El anuncio colgado en la pared de una cafetería no estatal de cualquier esquina es categórico: «Se busca trabajadora joven de buena apariencia». No puede ser un hombre, no puede ser mayor y, por supuesto, no debe entrar en conflicto con aquello que los estereotipos más reconocidos y legitimados por las construcciones mediáticas y el imaginario popular han dado en llamar presencia física aceptable. Todo eso se lee entre líneas. Los límites de lo permisible son muy subjetivos.
Y aparecen las «indicadas» para cubrir las plantillas vacantes. Como sacadas de moldes idénticos, las muchachas de la «figura aconsejable» se posicionan fuera y dentro de los establecimientos comerciales con el propósito implícito de los dueños de atraer clientela. Y por supuesto que funciona. No pongo en duda el valor de la belleza física ni las incontenibles cualidades de admirador del cubano típico. Pero ¿cuál es el costo para la sociedad? ¿Qué hay detrás de esta realidad nada trivial? ¿Hasta dónde se extiende el triunfo de estos estereotipos?
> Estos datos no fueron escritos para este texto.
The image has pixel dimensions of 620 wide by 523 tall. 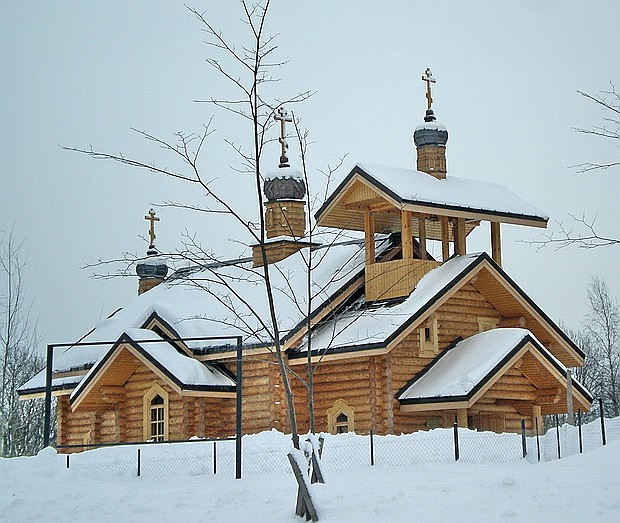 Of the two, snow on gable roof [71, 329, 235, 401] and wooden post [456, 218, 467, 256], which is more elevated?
wooden post [456, 218, 467, 256]

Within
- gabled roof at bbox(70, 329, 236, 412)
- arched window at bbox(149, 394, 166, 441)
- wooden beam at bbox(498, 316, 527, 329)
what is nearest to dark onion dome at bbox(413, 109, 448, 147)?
wooden beam at bbox(498, 316, 527, 329)

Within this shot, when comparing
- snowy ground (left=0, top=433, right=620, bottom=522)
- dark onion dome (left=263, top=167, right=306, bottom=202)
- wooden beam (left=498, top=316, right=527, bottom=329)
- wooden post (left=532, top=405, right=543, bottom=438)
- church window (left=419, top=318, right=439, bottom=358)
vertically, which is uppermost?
dark onion dome (left=263, top=167, right=306, bottom=202)

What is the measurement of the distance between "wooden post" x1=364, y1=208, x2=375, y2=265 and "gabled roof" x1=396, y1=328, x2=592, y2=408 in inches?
125

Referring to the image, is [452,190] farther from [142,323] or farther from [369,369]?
[142,323]

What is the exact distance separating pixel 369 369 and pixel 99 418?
25.9ft

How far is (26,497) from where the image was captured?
1830 centimetres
Más allá de la cosificación de la mujer como objeto de atracción con fines mercantiles, más allá de la violencia simbólica (o incluso real) que sufren consciente o inconscientemente las muchachas colocadas como en anaquel de colecciones, más allá de que llegue a ocurrir que las clasificadas dentro de estos parámetros de exigencia corporal muchas veces no cumplan con la preparación profesional necesaria para la atención al público (aunque haya muchas que sí la tengan), hay otra realidad oculta, con mayores consecuencias para un proceso social que defiende la equidad y la justicia.
Porque en la Cuba socialista de igualdad de posibilidades para todas y todos, debe existir en cada espacio la premisa de contratar a quien sea más hábil en la materia en cuestión, sin importar sexo, talla, color de la piel, edad, estado civil, que sean madres o padres o hasta el nivel de complicación de su realidad en el hogar. Siempre que haya aptitud y preparación, no debería mediar otro aspecto a la hora de decidir a quién escoger para ocupar una plaza.
Hace unos meses el profesor Manuel Calviño recibía en su programa la carta de una televidente que contaba las evasivas que le habían dado en una cafetería del sector no estatal cuando se presentó motivada por un anuncio de que se requería personal. Dichas vueltas intentaban ocultar los prejuicios del encargado de contratar ante la presencia «nada convencional» de la interesada, quien, «para colmo de males», le confesó tener tres hijos.
Y hago énfasis en el sector no estatal porque se vuelve el más evidente en cuanto a sus intereses por adquirir personal atrayente, sobre todo debido a esa mentalidad que se viene asentando que asocia buen servicio únicamente con imagen, y defiende que a las cafeterías de este tipo deben ir a parar solo las «mejores adquisiciones».
Pero esencialmente pongo mis reflexiones sobre esta forma de gestión porque las políticas del país que velan porque no se discrimine a nadie (mucho menos por la exclusión a una plaza de trabajo), alcanzan a incidir con mayor efectividad sobre las empresas estatales, aun cuando hayamos advertido que detrás de mostradores de algunos de estos establecimientos (fundamentalmente los que operan en CUC) pueda ser común la presencia de personas «más convencionales».
Debemos detenernos a observar estas tendencias cada vez más alarmantes de llevar a los extremos los límites de la división sexual del trabajo, potenciando únicamente a uno de los dos sexos para determinada ocupación, y dentro de los del sexo escogido a aquellos que se insertan en los parámetros de belleza que se le antojan al contratador o contratadora.
Incluso la revisión necesaria llega más lejos. Va hacia nosotros y nosotras mismas cuando estamos del lado de acá del mostrador. El regaño interno debemos lanzárnoslo cada vez que llegamos a una instalación y por nuestra mente pasa el razonamiento: «¿Crees que ese es alguien adecuado para trabajar ahí? ¡Lo que hace falta es una muchachita joven y bonita!».